Most of the learning takes place through instruction delivered online, but there are some face-to-face meetings too.

He said: “One of the things that comes with age is not so much that people might ask: ‘What are you doing here?’ but there’s a certain respect that comes when you speak, because you have a lot of anecdotal evidence of things that have happened in the past. Someone who’s newer on the course without the same background won’t necessarily see where things fit in a wider context. Some old dogs can be taught new tricks!”

Pat said he was very pleased to have discovered a good training course in an area of learning he is passionate about and was looking forward to finishing his apprenticeship.

He said: “There is a lack of technology and problem-solving training out there. People do have to find out how to problem solve if they don’t know. The Lean process is all about reducing waste, whether that’s physical, financial, or concerns time, and Six Sigma is about reducing variation. It’s a great system and I’d like to encourage more people to give it a go.”

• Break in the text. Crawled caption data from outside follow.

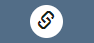 not linked to a profile icon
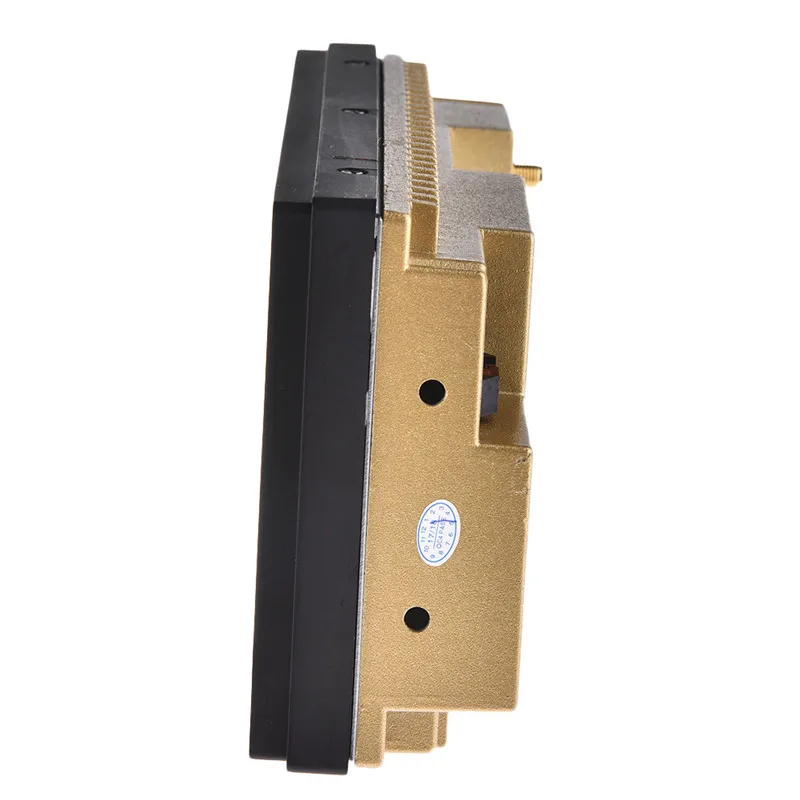 LB00463-detail (24)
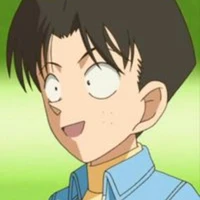mitsuhiko tsuburaya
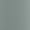 Sage, variant on Farberware USB Corkscrew Oyster Grey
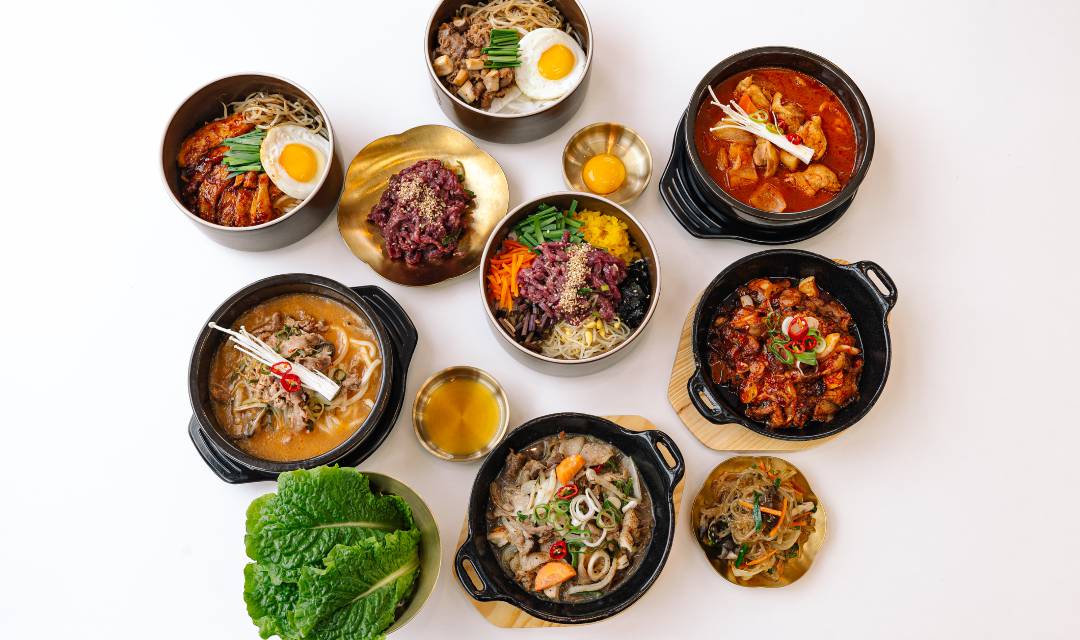 온화한상 2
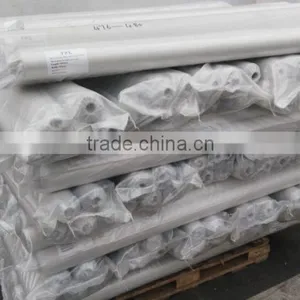 Other Plastic Building Material Type Builder Film Damp Proof Membrane thumbnail-1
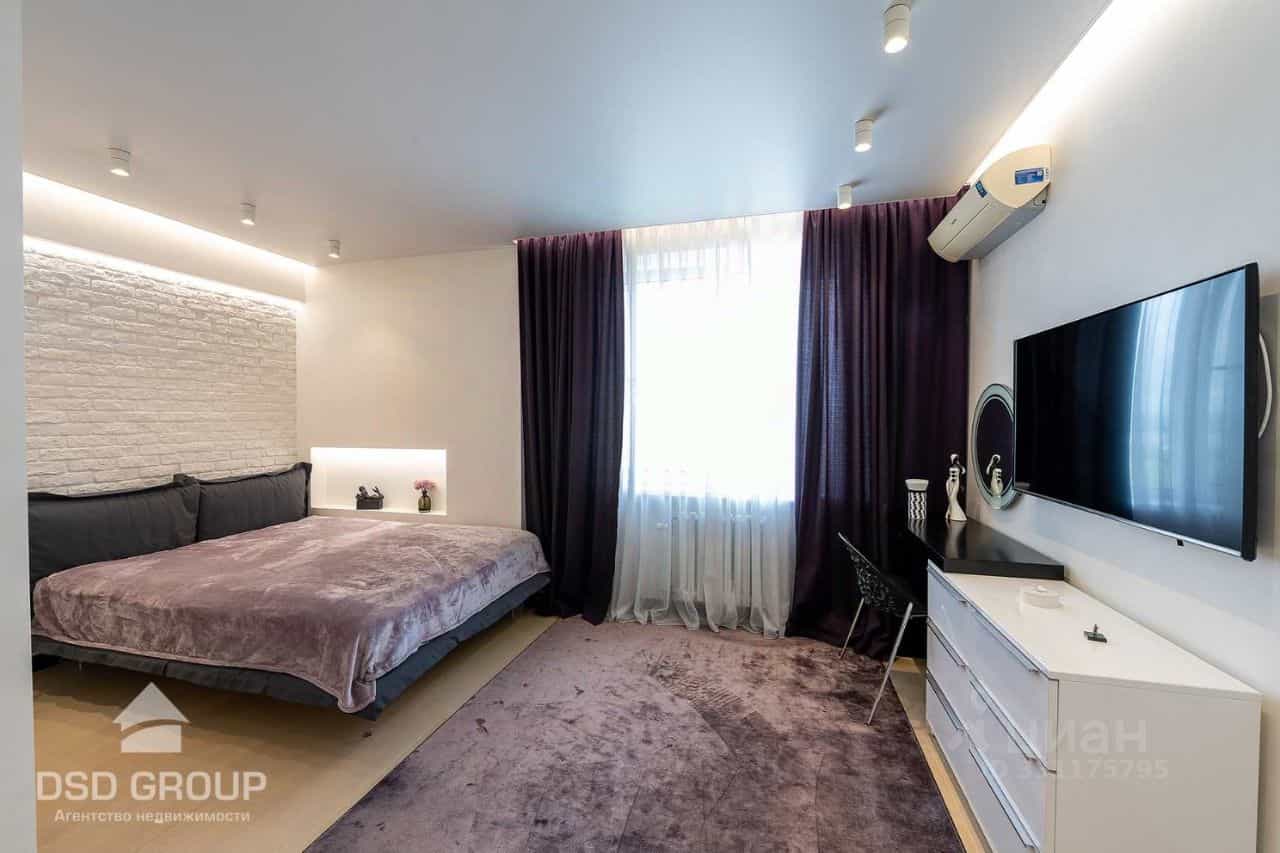 Россия, Хабаровск, Ленинградская улица, 53к2, фото 13
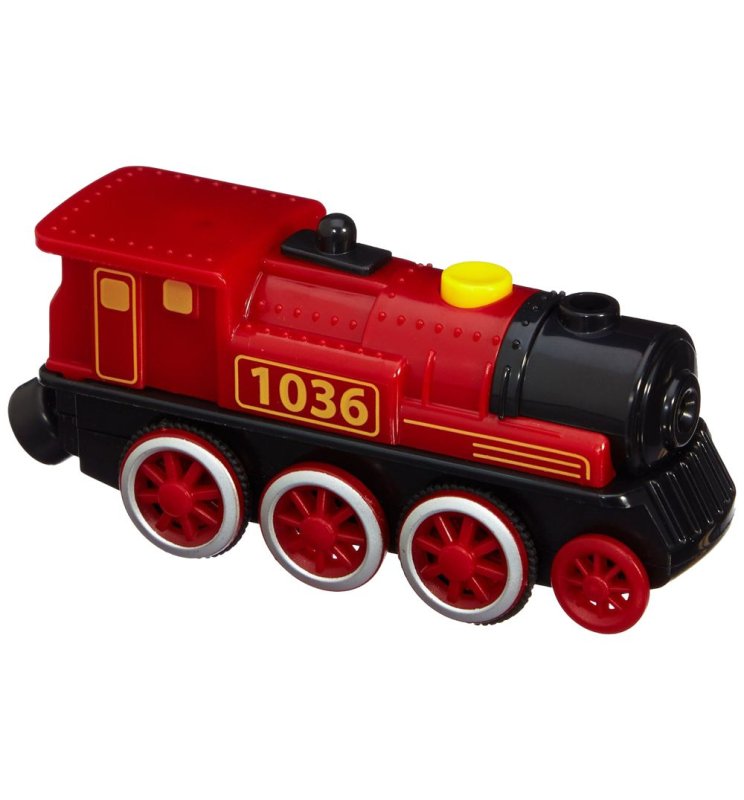 Фура магнит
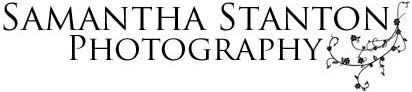 Samantha Stanton Photography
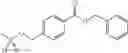 Fig. 162 - Thiophenediamine derivative having urea structure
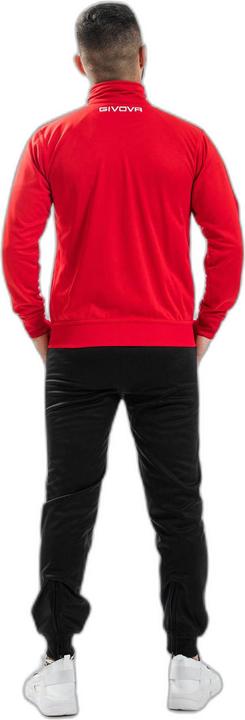 Produktbild Givova One (3XL)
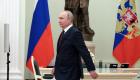 Putin: Zafer Rusya’nın olacak, başka bir ihtimal yok!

Harj Dhanjal, founder and CEO of Blue Lion Training Academy, said: “It’s great to see that people truly can learn and keep growing whatever their age. We are very proud to have Pat on our books studying his Level 5 Improvement Specialist apprenticeship which includes a Lean Six Sigma Black Belt qualification. It’s the same qualification that I have gained myself and I can highly recommend this scheme to anyone who wants to provide real, tangible benefit to their organisation through learning how to work in a slick and efficient way. Hats off to Pat for signing up to this apprenticeship with Blue Lion.”

Blue Lion offers a wide range of management, marketing, and media apprenticeships from level two to six, with the aim of bridge the gap between right brain thinkers – who veer towards creative subjects – and left brain thinkers, who tend to favour logical and analytical processes.